# Stall smells!



## MissColors (Jul 17, 2011)

So one of the horses at our barn has very strong ammonia-ish fluids. And as well the drain line is cut into the concrete in her stall as well and its the last stall, so everything from the other 2 horses drains through there too. Would it be ok for me to put some baking soda in her stall to neutralize the odor and the harm to her and the other horses? If not what other things could I use??
_Posted via Mobile Device_


----------



## Delfina (Feb 12, 2010)

Baking soda certainly wouldn't harm anything but you'd need more baking soda that you can imagine I'd think.

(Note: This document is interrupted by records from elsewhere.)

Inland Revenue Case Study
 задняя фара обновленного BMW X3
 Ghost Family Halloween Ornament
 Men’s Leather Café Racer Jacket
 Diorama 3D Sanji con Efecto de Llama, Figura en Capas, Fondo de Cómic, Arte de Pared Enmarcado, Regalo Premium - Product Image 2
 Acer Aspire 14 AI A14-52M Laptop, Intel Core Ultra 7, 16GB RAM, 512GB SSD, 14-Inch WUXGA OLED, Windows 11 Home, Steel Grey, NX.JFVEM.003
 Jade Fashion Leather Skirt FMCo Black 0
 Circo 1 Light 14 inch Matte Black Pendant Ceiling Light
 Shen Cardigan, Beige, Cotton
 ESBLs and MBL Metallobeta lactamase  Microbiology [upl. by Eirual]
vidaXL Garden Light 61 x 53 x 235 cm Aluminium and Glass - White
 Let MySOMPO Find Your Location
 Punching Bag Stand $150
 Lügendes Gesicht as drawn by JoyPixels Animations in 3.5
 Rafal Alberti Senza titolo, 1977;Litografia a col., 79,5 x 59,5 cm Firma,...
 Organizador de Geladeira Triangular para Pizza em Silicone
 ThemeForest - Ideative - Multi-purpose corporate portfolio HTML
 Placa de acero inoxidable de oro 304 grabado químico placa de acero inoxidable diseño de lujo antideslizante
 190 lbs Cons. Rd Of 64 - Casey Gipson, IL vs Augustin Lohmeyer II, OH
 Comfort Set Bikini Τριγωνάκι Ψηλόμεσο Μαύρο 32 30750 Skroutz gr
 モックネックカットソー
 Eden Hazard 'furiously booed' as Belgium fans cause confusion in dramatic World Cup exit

How about Sweet PDZ - Safegaurding Your Horse's Health


----------



## xXSerendipityXx (Jan 26, 2012)

I would say start from scratch and clear out the entire stall and power wash the floor and walls if you can. Or clean them with a spray bottle of water and bleach. Also, there are special shavings you can get that minimize odor. Maybe try and block the drains from the other stalls from getting into there in the future. As for the baking sodam I was actually going to recommend it before I finished reading your post! So Im pretty sure its okay. I mean, they put tons in cat litter, and it doesnt hurt them.(x .. Good luck!


----------



## MissColors (Jul 17, 2011)

Thanks! We use pine shavings that we get for free. Benefits of boarding right next to a lumbar mill. It used to be an old hog barn. So imagine about 5 inches of a shallow v shape cut along the back of the stall along the wall in the concrete . There isn't a way I could block it. If i do then the stuff would just sit there and build up. But when i do muck the stalls i clean them all the way and try to let the concrete dry for a couple hours with out anything in them. And power washing is a no can do. I wish i could though. Theres no power in the barn.
_Posted via Mobile Device_


----------



## loveduffy (Dec 22, 2011)

you could use ag-lime in the stall it should help and keep flies down


----------



## MissColors (Jul 17, 2011)

That's a great idea too.
_Posted via Mobile Device_


----------



## cakemom (Jul 4, 2010)

A nice layer of PDZ will help some in there as well. Cleaning daily, including totally cleaning pee spots, will also help.
_Posted via Mobile Device_


----------



## Saddlebag (Jan 17, 2011)

When stalls would get like this the horse would be turned out 1st thing, the stall cleaned then lime was applied to the wet spot. One has to get the right lime for the job. It's a bit like coarse corn starch and is easily airborne so handle with care and rubber or leather gloves and a mask. Leave it all day to help disinfect the stall. Remove what you can before rebedding the stall and returning the horse.


----------



## Darrin (Jul 11, 2011)

Guy at our barn goes to the dollar store and picks up baby powder. Smells like a babies butt in that stall but better then smelling horse pee.


----------



## MissColors (Jul 17, 2011)

We clean all the way at least every other day at the very least. I was really hoping for something that i could clean the stall out. Sprinkle down and let soak in for a couple hours. And just put down shavings before the horses come in and not have to worry about anything harming the horses. Or the chickens for that matter. Lol.
_Posted via Mobile Device_


----------



## Zandalee (Feb 17, 2012)

When we had racehorses, we had the same problem. Seeing how they are in their stalls 23hrs a day. We found that the ag-lime was the key, like loveduffy said. It cut the smell to nothing. We would just clean the stall out to bare ground, put an even dusting of lime, and put the shavings back in. We did this everytime we cleaned all the way down. I would maybe do a light dustings in the spots that are bad in between the deep cleans if need be. Hope that it works for you.


----------



## Foxhunter (Feb 5, 2012)

Majority of stall fresheners are 98% limestone flour (as we call it in the UK) As it is usually a tenth of the price of fresheners I use it!


----------